(Records provided)

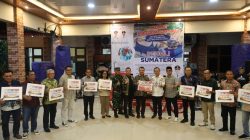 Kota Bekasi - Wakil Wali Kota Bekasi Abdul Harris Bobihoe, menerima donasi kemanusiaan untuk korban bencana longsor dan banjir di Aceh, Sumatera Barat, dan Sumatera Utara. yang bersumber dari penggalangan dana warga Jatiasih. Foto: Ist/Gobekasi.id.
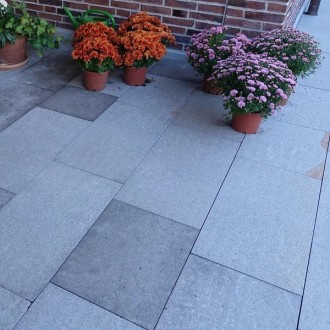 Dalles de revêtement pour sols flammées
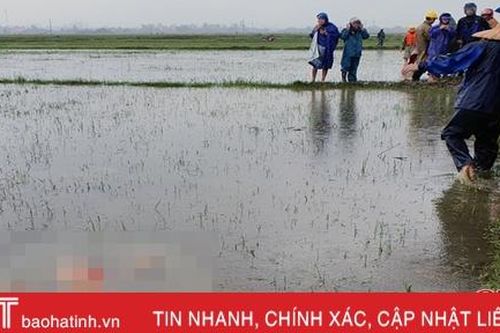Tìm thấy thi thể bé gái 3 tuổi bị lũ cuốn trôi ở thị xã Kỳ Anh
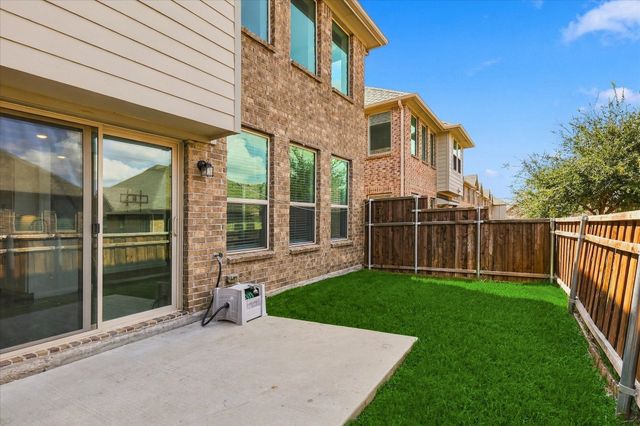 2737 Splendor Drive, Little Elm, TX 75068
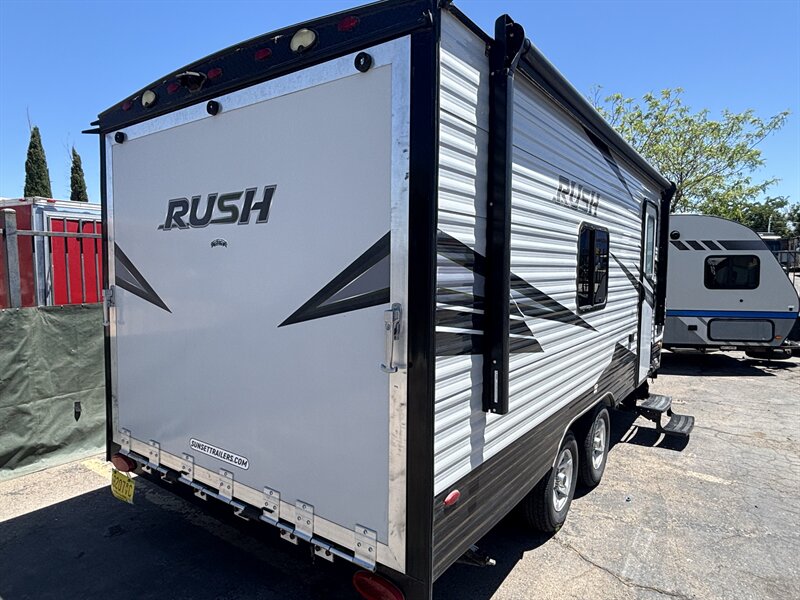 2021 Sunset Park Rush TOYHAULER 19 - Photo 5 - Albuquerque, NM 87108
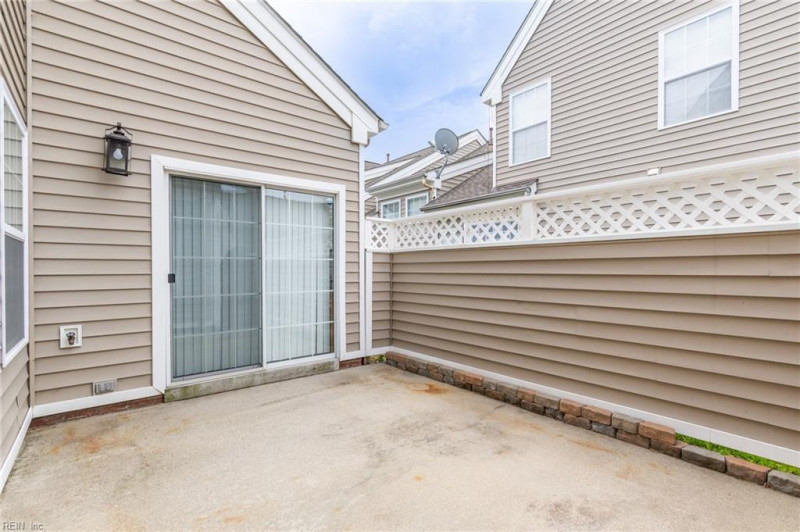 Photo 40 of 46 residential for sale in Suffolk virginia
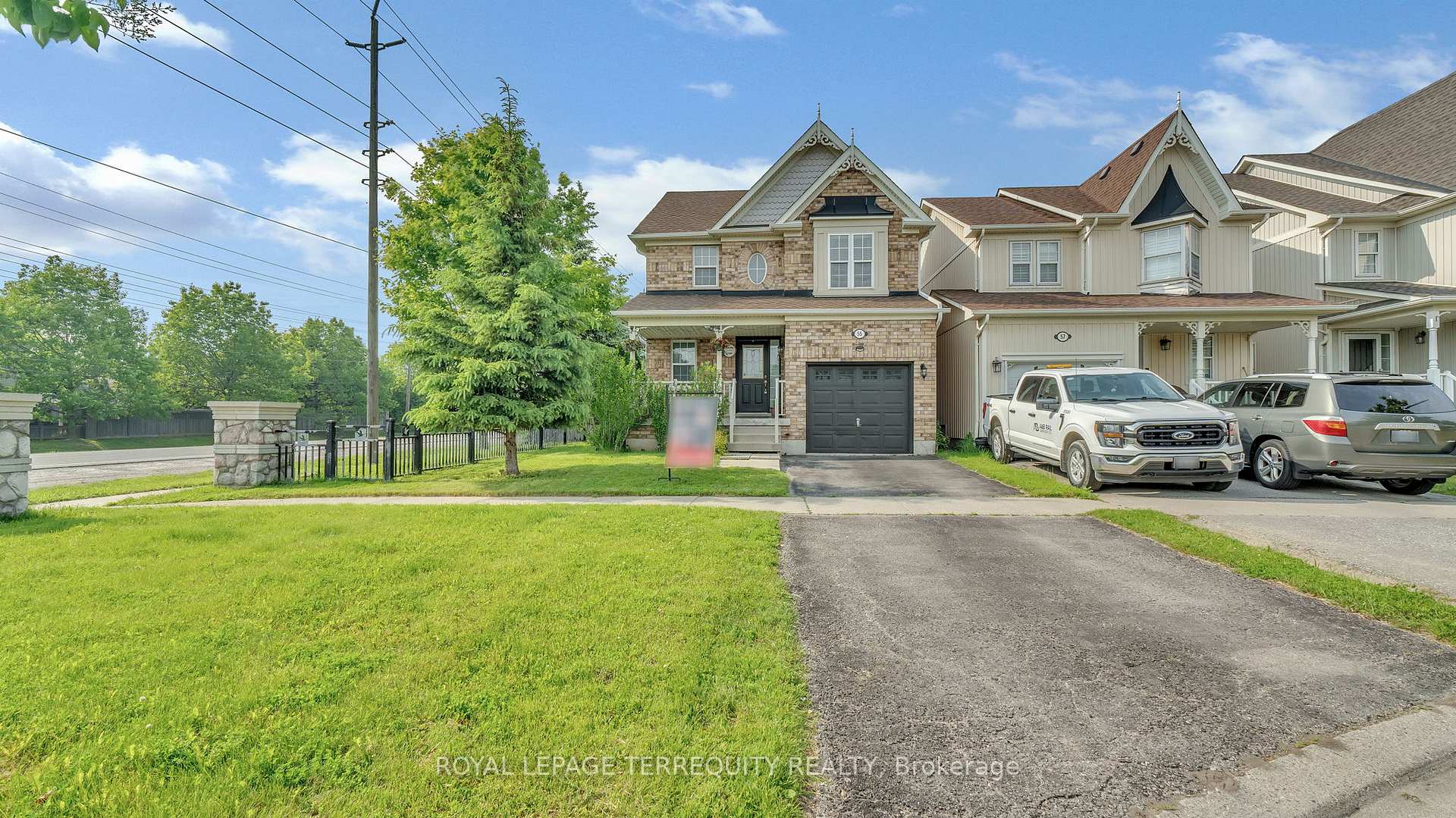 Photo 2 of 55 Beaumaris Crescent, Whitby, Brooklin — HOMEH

(End Records provided)

• Task details
Pictures must be left out when the records are transcribed exactly.

• Written answer
 Kota Bekasi - Wakil Wali Kota Bekasi Abdul Harris Bobihoe, menerima donasi kemanusiaan untuk korban bencana longsor dan banjir di Aceh, Sumatera Barat, dan Sumatera Utara. yang bersumber dari penggalangan dana warga Jatiasih. Foto: Ist/Gobekasi.id.
 Dalles de revêtement pour sols flammées
Tìm thấy thi thể bé gái 3 tuổi bị lũ cuốn trôi ở thị xã Kỳ Anh
 2737 Splendor Drive, Little Elm, TX 75068
 2021 Sunset Park Rush TOYHAULER 19 - Photo 5 - Albuquerque, NM 87108
 Photo 40 of 46 residential for sale in Suffolk virginia
 Photo 2 of 55 Beaumaris Crescent, Whitby, Brooklin — HOMEH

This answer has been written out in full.